After several years in the West Indies and America as a merchant John Shedden returned to Morishill and made a number of improvements. In the 1830s Alexander Shedden improved the old house and offices at Morishill and also erected a gatehouse and gates, together with many improvements to the gardens which eventually covered fourteen acres. A new house was completed by 1842 and a two-storey detached octagonal tower to the north with a walled garden. The marsh fed by 'Tams Well' was converted into an ornamental lake with three islands.

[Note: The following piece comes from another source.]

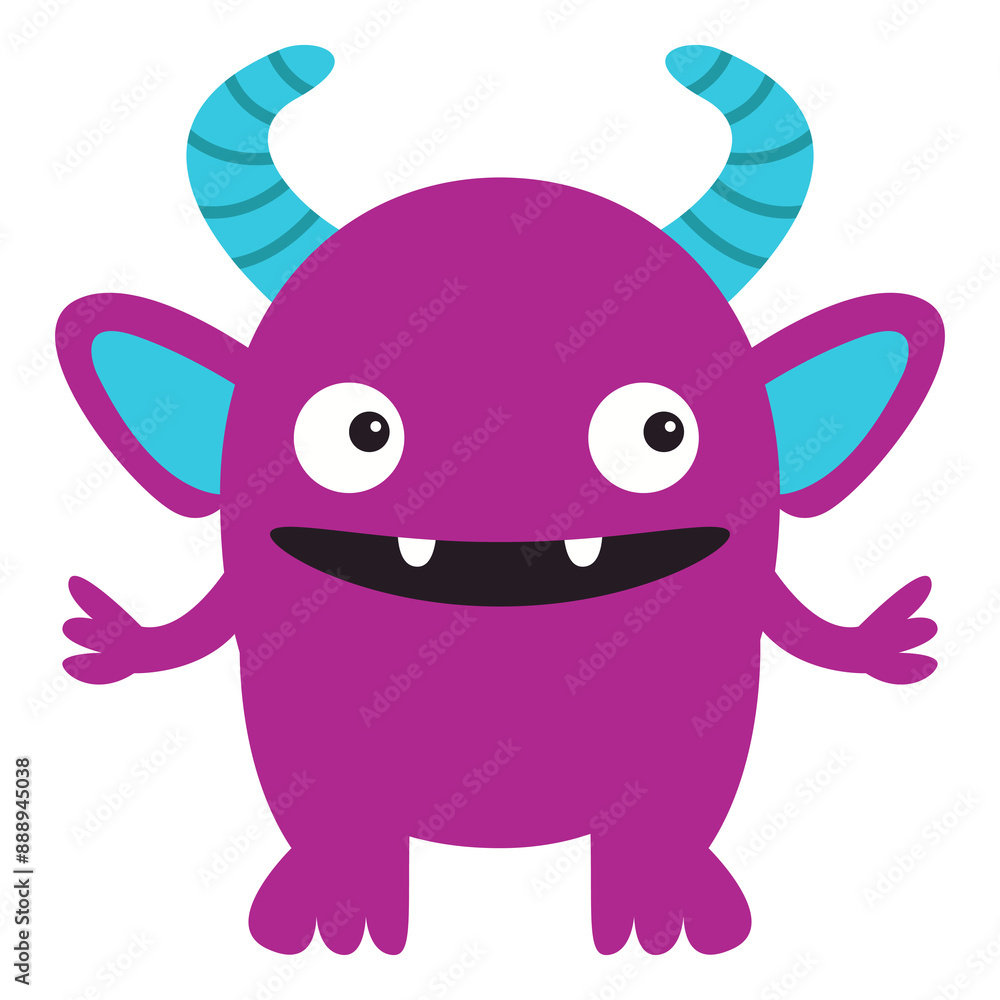 Fototapeta premium Violet monster standing. Happy Halloween. Cute monsters silhouette icon. Eyes, fangs, blue horns ears. Cartoon kawaii funny character. Childish style. Flat design. Isolated. White background. Vector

In the 1870s a new road was made to the stables and in 1888 the original house was unroofed and modified to become an ivy-clad garden feature. This old house had been much altered and improved over the years, serving latterly as a coachmans' quarters. It carried a marriage stone dated 1752 which commemorated the union of Robert Shedden and Margaret Simson, as well as a date stone of 1887 with the initials 'J.S.-D' in relief. A summerhouse and dovecote were present as was a walled garden. A rookery was established at the estate by tying small bundles of sticks in the forks of the trees upper branches.

A feature of the grounds was a copy of the principal pinnacle of the monument in the Skelmorlie Aisle at Largs which had been made by Mr Logan of Beith, a local sculptor. This had been moved here from Grangevale and stood on a wall that linked the house to the laundry; it bore the inscription Designed for Elizabeth by W. Dobie, 24th May 1845.

In 1865 the lands of Morishill extended to 272 acre.

The house was demolished in early 1980s and a housing estate named Morishill Manor was built at the site. A large number of the old trees were kept and still grace the estate today (2013).

===Curling===

An asphalt artificial curling rink was made for Alexander Shedden at Morishill for playing during the summer months. This game used a 10 in and 23 lb ball made from lignum vitae covered in copper and previously balanced in a bath of mercury. The ball had a handle which could be pulled out with a hook for use, which then quickly sprung back into place upon release.

The Morishill 'Pleasure pond' otherwise known as 'Beith Loch' was used for curling in the winter months and in 1892 on 27 December the Glasgow Herald records that a match took place between Beith and Morishill. The Beith Morishill Curling Club is still in existence and plays at the Greenacres Curling Rink.